Elsevier

Performance Evaluation

Volume 91, September 2015, Pages 170-186
Performance Evaluation

Computing discounted multidimensional hierarchical aggregates using modified Misra Gries algorithm

https://doi.org/10.1016/j.peva.2015.06.011Get rights and content

Abstract

Finding the “Top k” list or heavy hitters is an important function in many computing applications, including database joins, data warehousing (e.g., OLAP), web caching and hits, network usage monitoring, and detecting DDoS attacks. While most applications work on traditional “flat” data, many domains contain data that has attributes which can take values from different hierarchies e.g., time and geographic location, source and destination IP addresses, etc. In addition, hierarchical heavy hitters generated from hierarchical attributes offer insightful and a generalized view of the data. When data arrives in a stream, infrequent data elements need to be deleted due to space constraints. However, unlike traditional heavy hitters which do not consider deleted elements, in a hierarchical heavy hitter some of these deleted elements could form a heavy hitter at a higher level of the hierarchy. Furthermore, unlike traditional heavy hitters, hierarchical heavy hitters have ancestor–descendant relationship which requires the count of descendant heavy hitters to be discounted at the higher levels of the hierarchy. This is particularly challenging in a streaming environment because all the incoming data items cannot be stored or revisited. This problem is generally addressed by accepting an error constraint ϵ on the precision of the count of hierarchical heavy hitters, since accurate count cannot be guaranteed under the constrained memory requirement posed by the streaming environment. In this work, we propose a new streaming ϵ-approximation algorithm (HHH-MG) for computing Hierarchical Heavy Hitters based on a modified Misra Gries heavy hitter algorithm. The proposed algorithm guarantees ϵ-approximation precision with improved worst-case time and space bounds compared to previous algorithms. It requires overall O(ηϵ) space, and O(η) updates per element of the data, where η is a small constant. We provide theoretical proofs for the space and time requirements. We have also experimentally compared the proposed algorithm with benchmark techniques. Experimental results demonstrate that the proposed algorithm requires fewer updates per element of data, and on average requires less memory. For the experimental validation, we have used both synthetic data derived from an open source generator, and real benchmark datasets from an international Internet Service Provider.

Introduction

Data stream processing is an emerging domain of applications where data are modeled not as persistent relations but rather as transient data streams. Examples of such applications include network monitoring, financial applications, telecommunications data management, sensor networks, web applications, large volume datasets, and so on. The data from these sources are often continuous, rapid, time-varying, possibly unpredictable and unbounded in nature. Such applications cannot afford storing or revisiting the data and often require fast and real-time response.
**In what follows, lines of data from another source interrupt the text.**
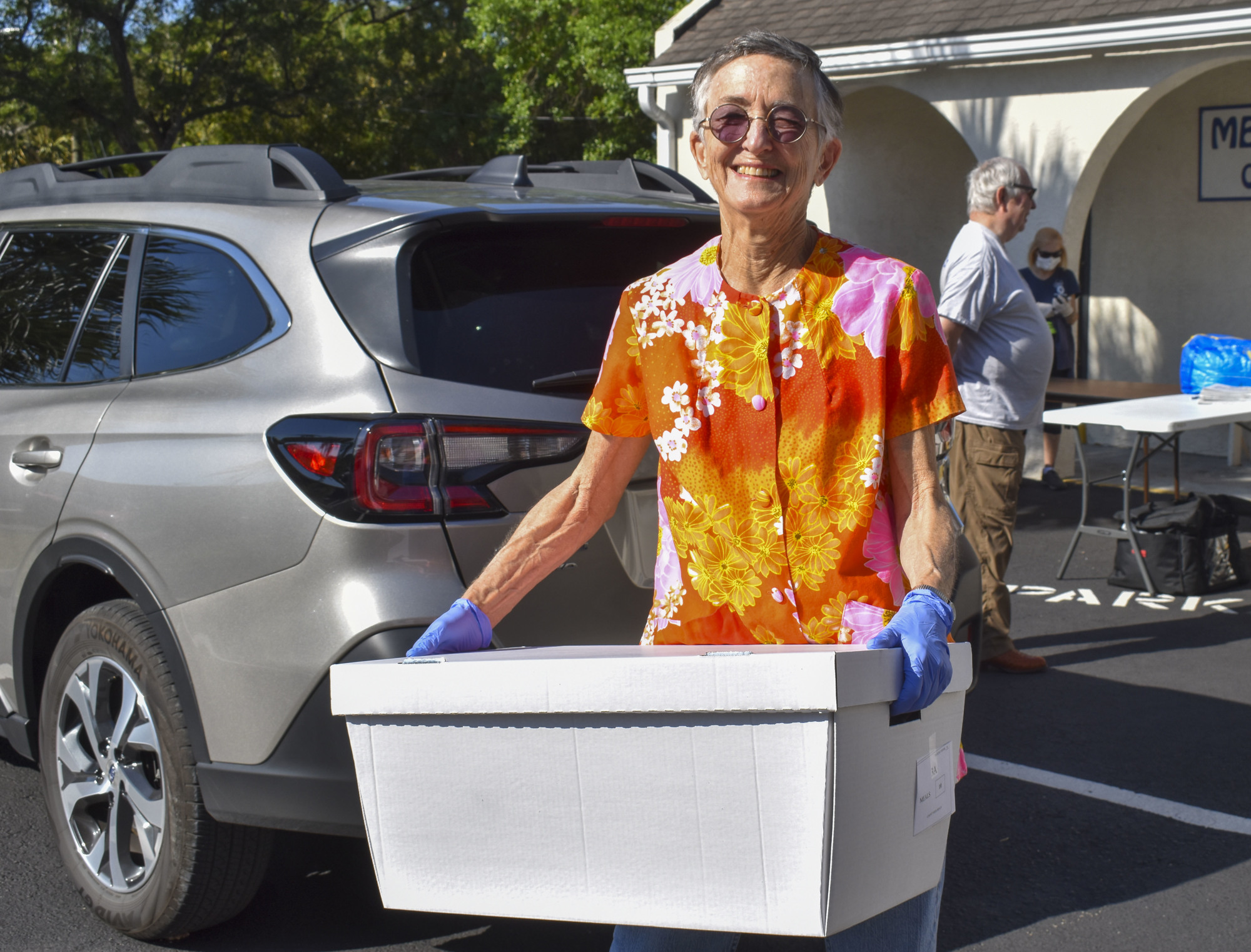 Volunteer Lucinda Brown carries her route meals to her car.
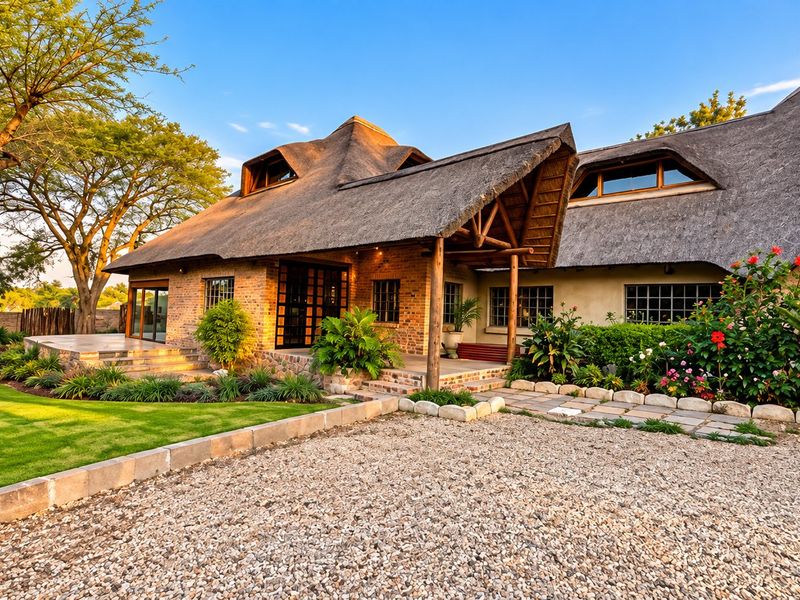 A charming, well-maintained house featuring a traditional thatch roof, exposed brick and stone facade, and a beautifully landscaped garden with a gravel driveway.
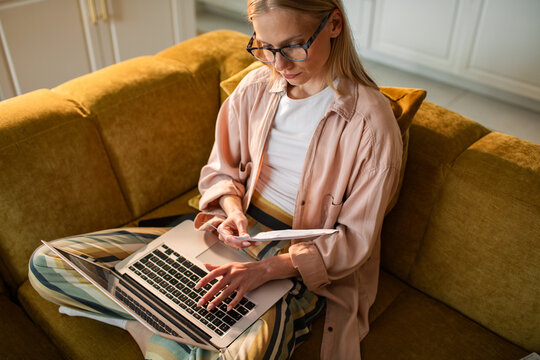 Young woman paying bills on laptop on the sofa at home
Many application domains have data that contain hierarchical attributes, such as Time (Year, Month, Hour, Minute, Second), Geographic Locations (Continent, Country, State, City), and IP addresses (192.*.*.*, 192.168.*.*, 192.168.1.*, 192.168.1.1). Analyzing such data at multiple aggregation levels simultaneously, when data is arriving in a stream, is much more challenging (and meaningful) than analyzing flat data, which is known as the Hierarchical Heavy Hitters (HHH) problem. Formally, we compute a ϕ-HHH summary as follows: consider a two dimensional lattice (shown in Fig. 1) formed by creating nodes for each combination of source IP 1.2.3.4/32 and destination IP 5.6.7.8/32 addresses (see Section  2.2). For a given threshold ϕ, we report only those nodes (prefixes of source and destination IPs) as heavy hitters with frequency exceeding ϕN, after removing the frequency of all its descendant nodes (descendant prefixes of source and destination IPs) that are also heavy hitters. In other words, a reported ϕ-HHH element does not contain the frequency of any other descendant ϕ-HHH element, but may contain the frequencies of non-HHH elements.

A HHH-summary of network traffic is of particular interest to a network monitoring team because it may reveal important patterns in the underlying data. For example, the department traffic may be composed of numerous peer-to-peer traffic connections (such as torrents or online gaming) that can be identified as one generalized traffic connection (composed of many lower level packets having a common pattern) in the HHH-summary.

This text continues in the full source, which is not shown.